### Data for this task ###

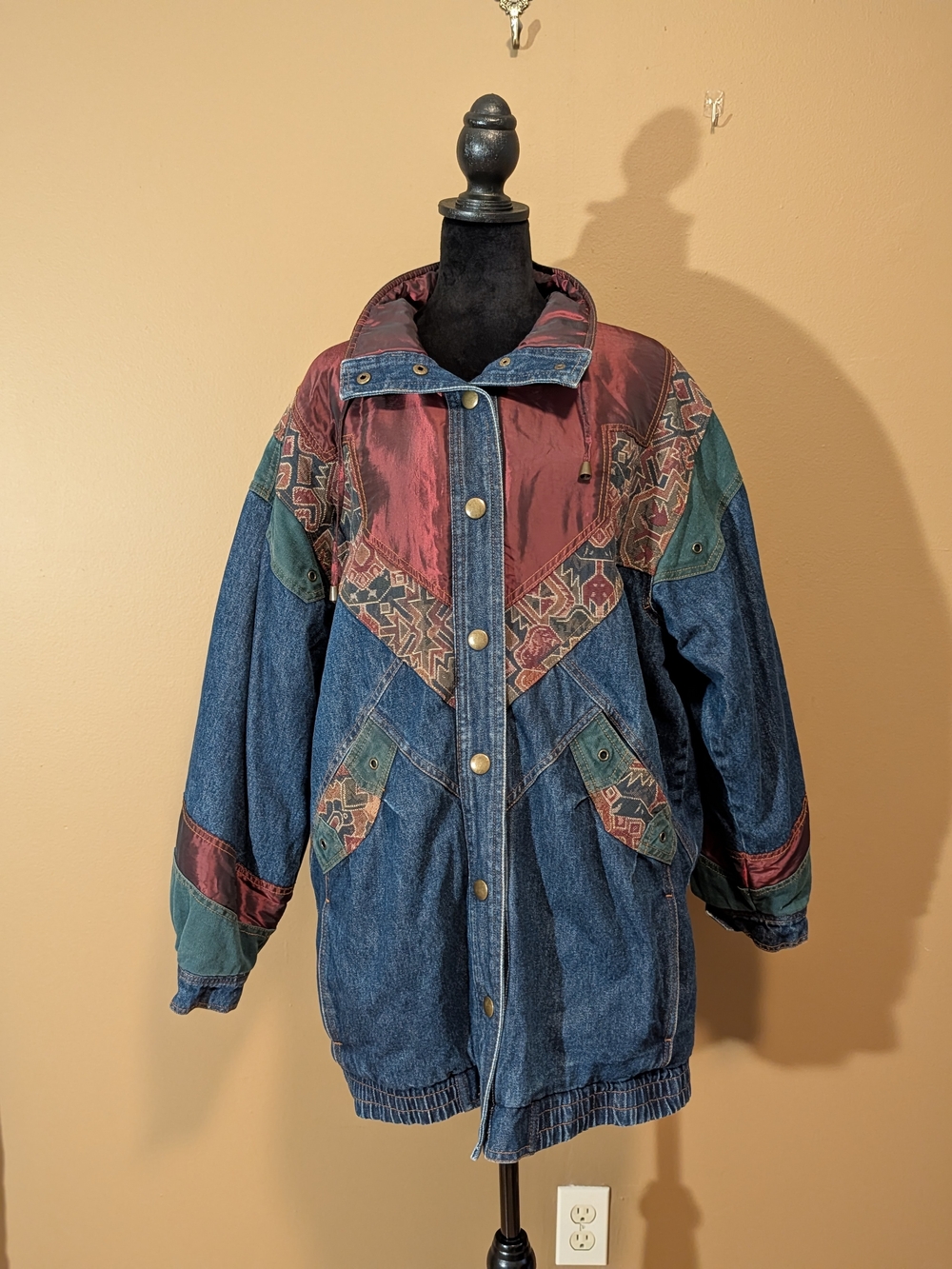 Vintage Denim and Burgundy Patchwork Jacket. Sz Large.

###
### Data for this task ###

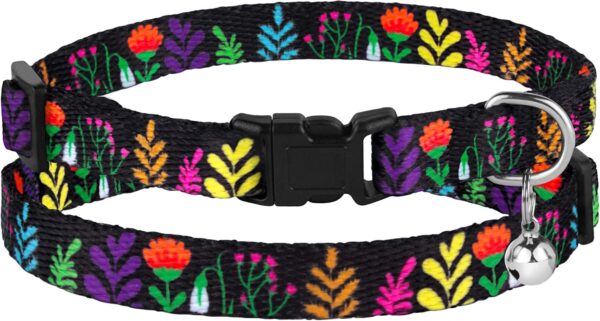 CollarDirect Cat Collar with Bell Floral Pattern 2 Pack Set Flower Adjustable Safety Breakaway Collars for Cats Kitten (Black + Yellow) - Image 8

###
### Data for this task ###

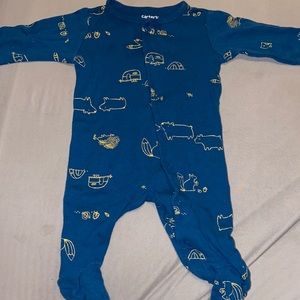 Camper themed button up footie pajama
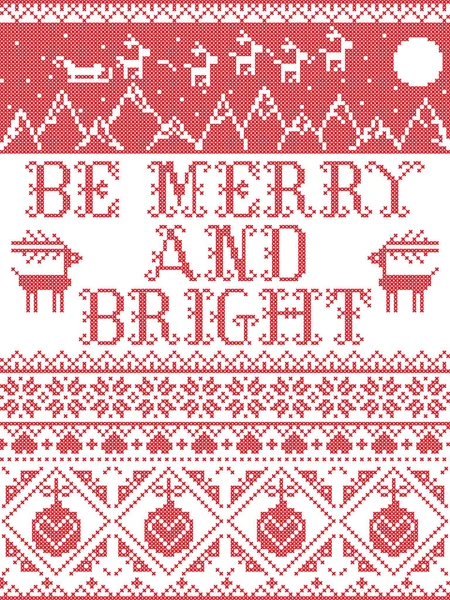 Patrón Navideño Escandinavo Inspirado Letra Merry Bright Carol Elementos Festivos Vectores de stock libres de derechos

###

Instructions to follow ▸ Transcribe the listing above exactly, but only from the line with "Camper themed button up footie pajama" through the line with "Patrón Navideño Escandinavo". Include both of those lines and omit the pictures.

Output for this exercise ▸
 Camper themed button up footie pajama
 Patrón Navideño Escandinavo Inspirado Letra Merry Bright Carol Elementos Festivos Vectores de stock libres de derechos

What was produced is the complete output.